[Date Prev][Date Next][Thread Prev][Thread Next][Date Index][Thread Index]
Re: Proposal for High level sftp api for uploads and downloads

Subject: Re: Proposal for High level sftp api for uploads and downloads
From: Eshan Kelkar <eshankelkar@xxxxxxxxxxxxx>
Reply-to: libssh@xxxxxxxxxx
Date: Tue, 6 Jun 2023 20:04:43 +0530
To: libssh@xxxxxxxxxx
Thanks a lot for the inputs.

Based on the suggestions the api will look something as follows :

enum sftp_file_transfer_direction_e
{
SFTP_FILE_TRANSFER_DIRECTION_LOCAL_TO_LOCAL,
SFTP_FILE_TRANSFER_DIRECTION_LOCAL_TO_REMOTE,
SFTP_FILE_TRANSFER_DIRECTION_REMOTE_TO_LOCAL,
SFTP_FILE_TRANSFER_DIRECTION_REMOTE_TO_REMOTE
} ;

struct sftp_file_transfer_struct
{
enum sftp_file_transfer_direction_e direction;

union
{
int local_fd;
sftp_file remote_file;
} source, target;

size_t chunk_size;
size_t in_flight_requests;

void *user_data;
void (*progress_callback)(------parameters not yet decided--------);
};

typedef struct sftp_file_transfer_struct* sftp_file_transfer;

sftp_file_transfer sftp_file_transfer_new()
{
/* Allocate a new file transfer structure, assign default
 * values to the members and return the structure's
 * address
 */
}

enum sftp_file_transfer_options_e
{
SFTP_FILE_TRANSFER_OPTIONS_DIRECTION,

SFTP_FILE_TRANSFER_OPTIONS_SOURCE_LOCAL,
SFTP_FILE_TRANSFER_OPTIONS_SOURCE_REMOTE,
SFTP_FILE_TRANSFER_OPTIONS_TARGET_LOCAL,
SFTP_FILE_TRANSFER_OPTIONS_TARGET_REMOTE,

SFTP_FILE_TRANSFER_OPTIONS_CHUNK_SIZE,
SFTP_FILE_TRANSFER_OPTIONS_IN_FLIGHT_REQESTS,

SFTP_FILE_TRANSFER_OPTIONS_USER_DATA
SFTP_FILE_TRANSFER_OPTIONS_PROGRESS_CALLBACK
} ;

int sftp_file_transfer_options_set  (sftp_file_transfer ft, enum
sftp_file_transfer_options_e option,  void *value);

void sftp_file_transfer_free(sftp_file_transfer ft);

If the short reads occurs for normal files, I think the right thing is
> to fail and report the issue to the user. If the file was already
> partially transferred, it might make sense to provide some information
> how much was transferred and maybe provide a way to resume partial
> transfers, but I would probably keep this for later time. But it would
> be good to think about this possible extension where we would need to
> update the offset in the file structure with the size of the target file
> (or again check how openssh does this).
>

For being able to support partial transfers, I think we should
begin read-writes on the files from current offsets of the local file,
remote sftp file instead of necessarily starting from offset 0.
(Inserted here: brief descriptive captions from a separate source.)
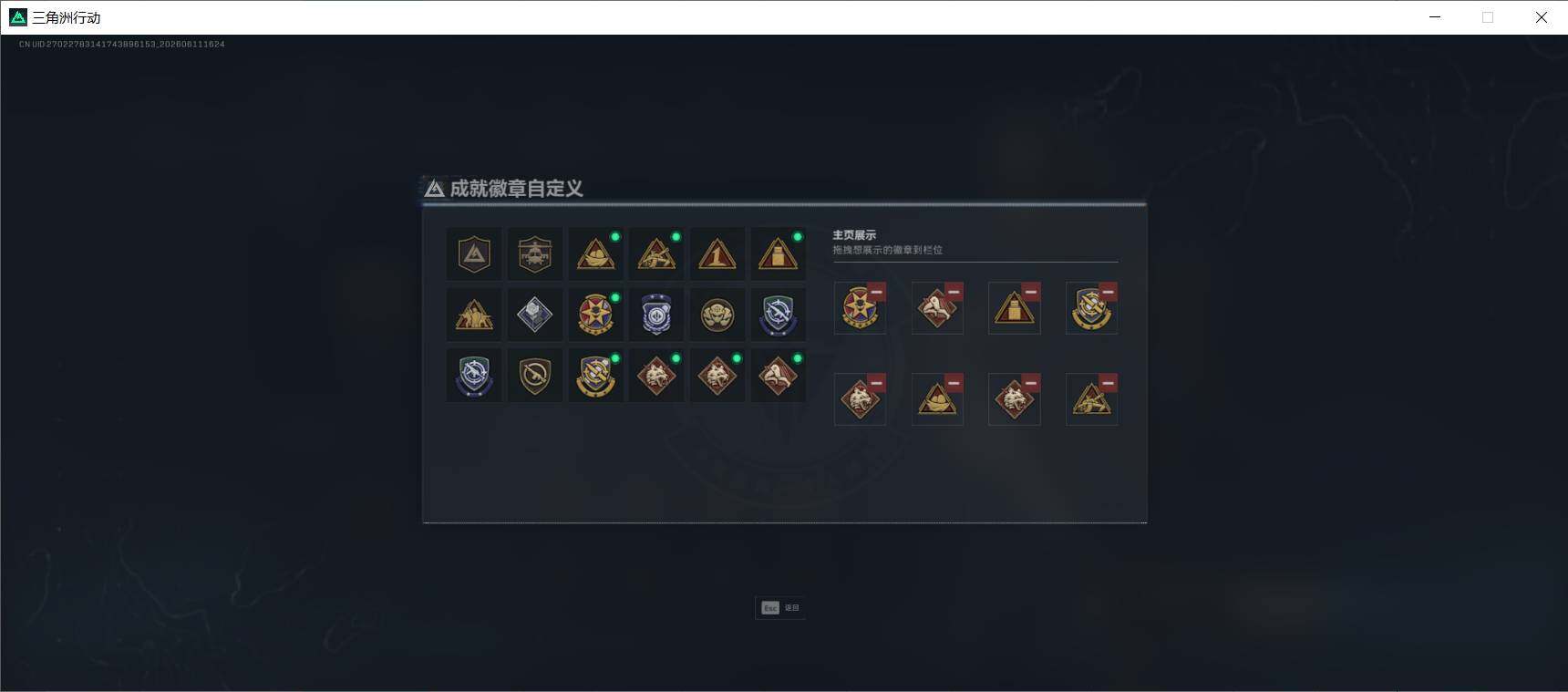 SJZEY4155417三角洲行动账号详情图4 SJZEY4155417三角洲行动账号详情图4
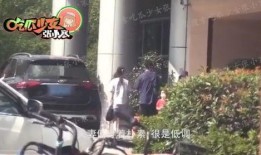 吃瓜少女张小寒 吴奇隆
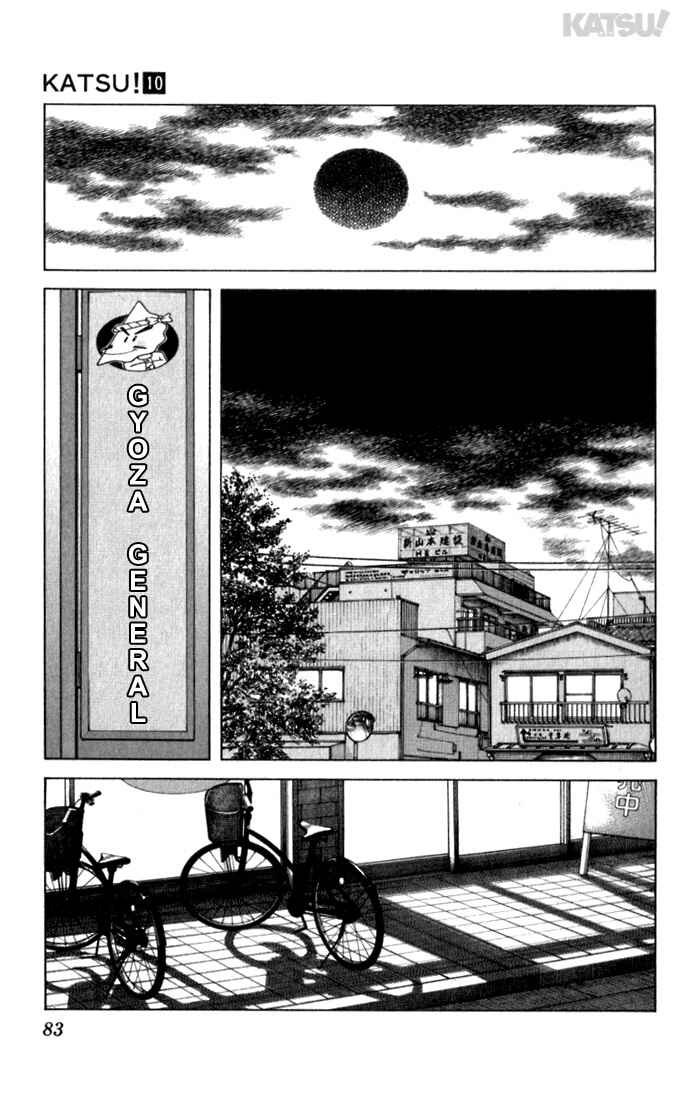 Page 7 Chapter 93 Katsu!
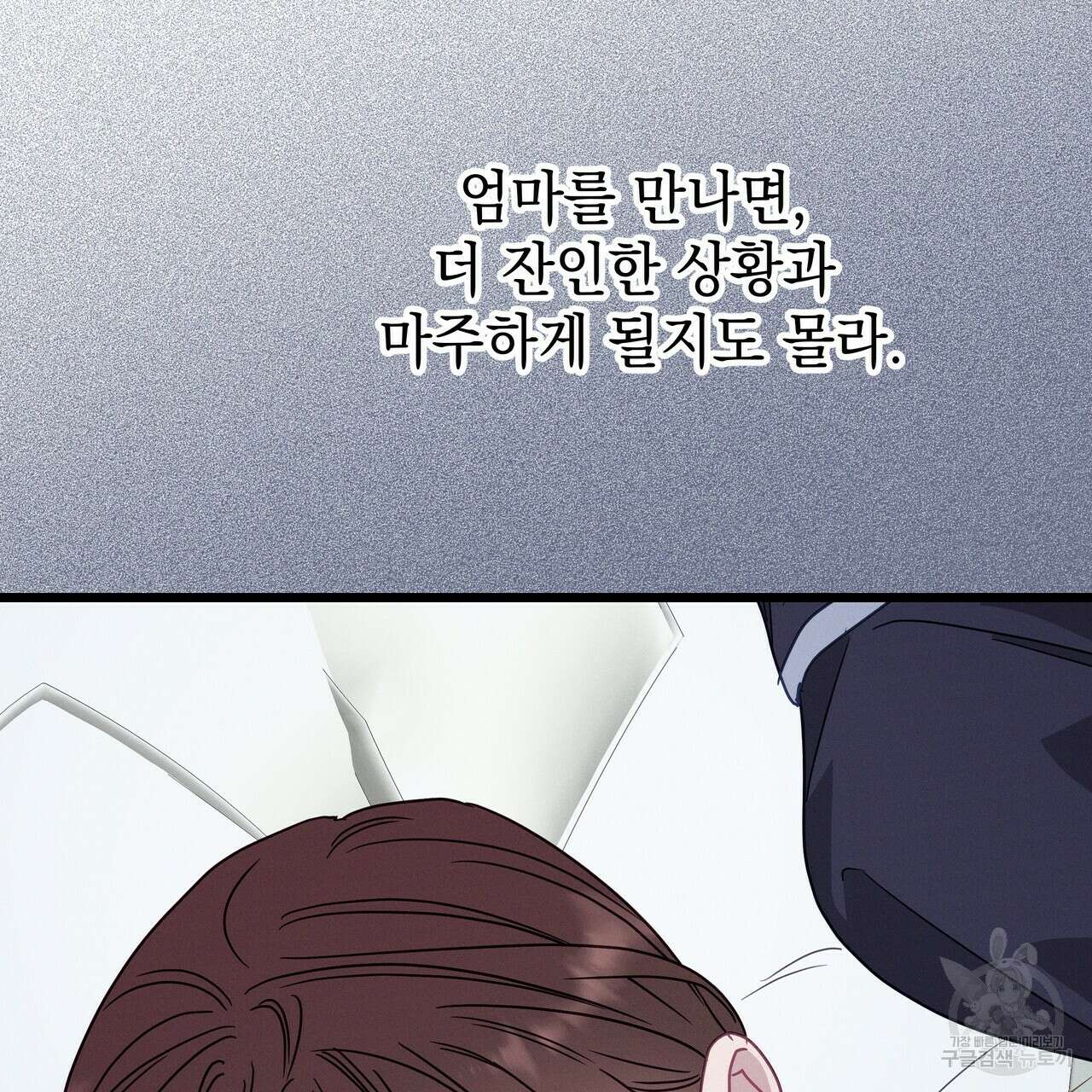 티파니에서 모닝 키스를 69화 245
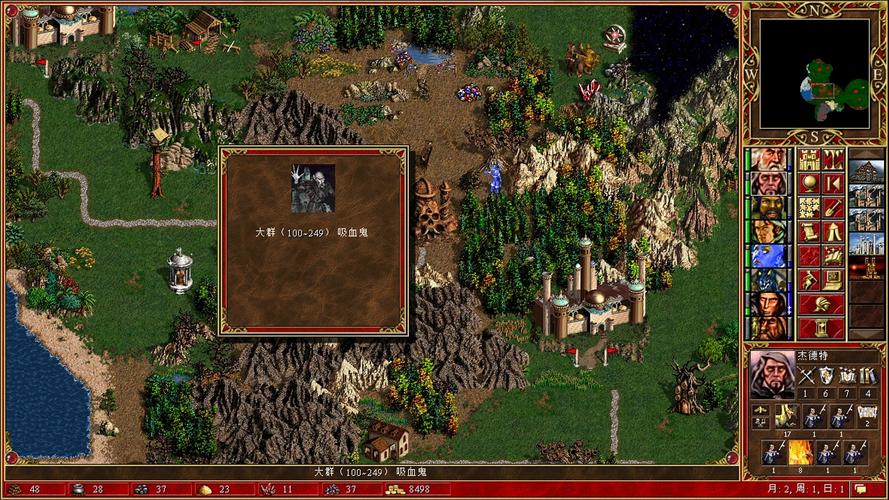 好玩的网络游戏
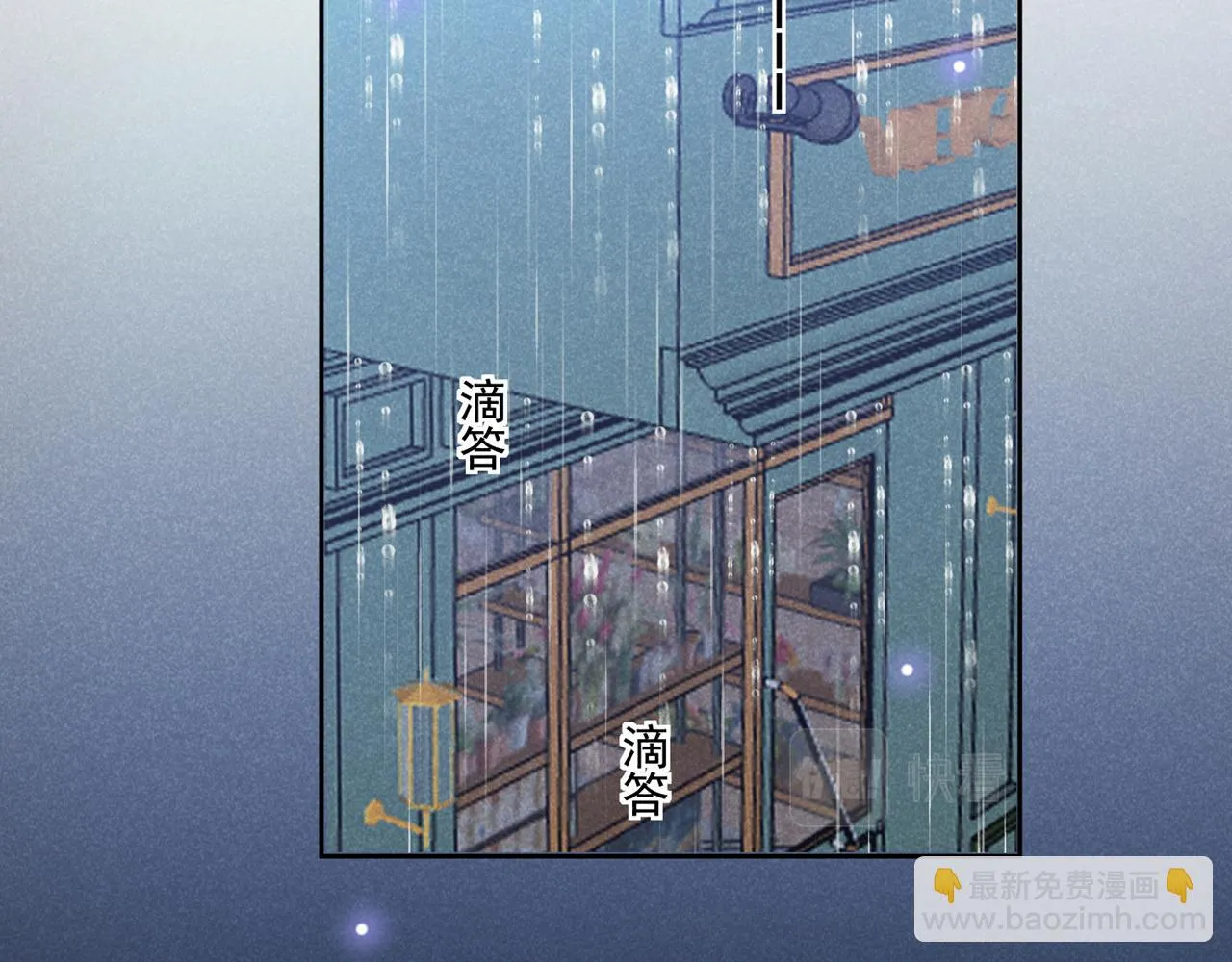 第136话 而我……只是个替身 第14页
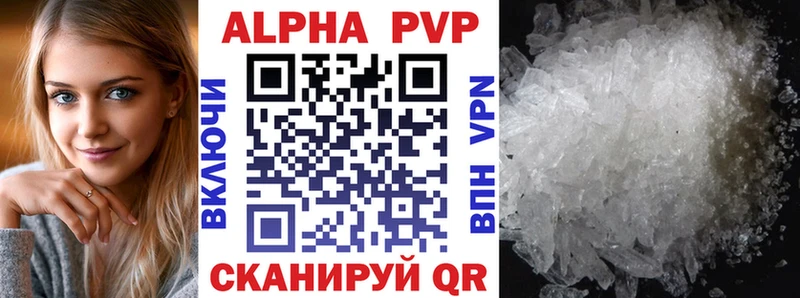 A PVP Crystall blacksprut как зайти Серов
 For example, say we are reading a file (for the sake of this sftp file
transfer) and the read offset for that file initially is 10 (when
sftp_file_transfer()
is called) and the file size is 1000 bytes. Then the read operation will be
started not from offset 0 but from offset 10 and the transfer will occur
for
(1000 - 10) bytes.

This will help to support and resume partial transfers, but it puts the
responsibility on
the user to set offsets depending on where he/she wants to begin read/write
from
before calling this sftp_file_transfer() to start read/writes from that
offset. If user
wants to start the transfer of a file from the offset 100 not 0, then he
must set the offset
of that file to 100 (using sftp_seek() for remote files and lseek() for
local files) and
then call sftp_file_transfer().

The user should also be made aware that a call to sftp_file_transfer()
updates the offset of the files. i.e if initially offset is 0 and he calls
the
sftp_file_transfer() for the file and it successfully transfers the whole
file
then the offset after sftp_file_transfer() returns will be at the end of
the
file.

The sftp_file_transfer() function will return the number of bytes
transferred
successfully and -1 on encountering some error before transferring even
a single byte provided the file to transfer had > 0 bytes. If the file to
transfer
is a 0 byte file the function will simply return 0.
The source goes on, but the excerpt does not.